Aos 29 anos recém completados — "e maravilhosamente vividos", como faz questão de ressaltar —, a advogada pelotense Lisiane Lemos conquistou neste mês um reconhecimento internacional. Por sua atuação em defesa da diversidade e da inclusão nos ambientes corporativos, foi uma das premiadas entre os cem jovens negros mais influentes do mundo, na área do Empreendedorismo. O prêmio é uma iniciativa do Most Influential People of Africa Descent (MIPAD), que entregou as distinções no dia 3, em Nova York (EUA).

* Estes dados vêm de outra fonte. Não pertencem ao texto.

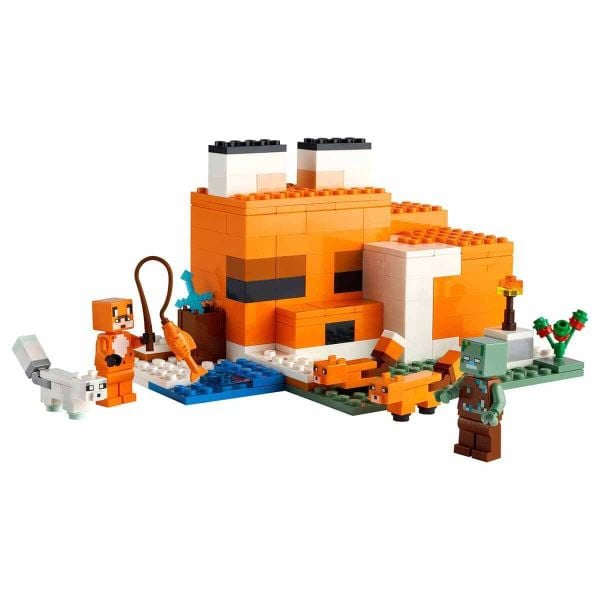 LEGO Minecraft Tilki Kulübesi Yapım Oyuncak Seti LMC-21178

Formada em Direito pela Universidade Federal de Pelotas (UFPel), Lisiane é especialista em soluções na Microsoft, onde também participa do grupo Blacks At Microsoft (BAM). É cofundadora da Rede de Profissionais Negros, ONG que conecta profissionais negros e empresas que buscam talentos, e colíder do comitê de igualdade racial do Grupo Mulheres do Brasil. Lisiane também já fez parte da Aiesec, uma organização não governamental capacitada para formar jovens lideranças no planeta. No ano passado, ela foi incluída pela Forbes Brasil entre os 91 brasileiros mais promissores com menos de 30 anos.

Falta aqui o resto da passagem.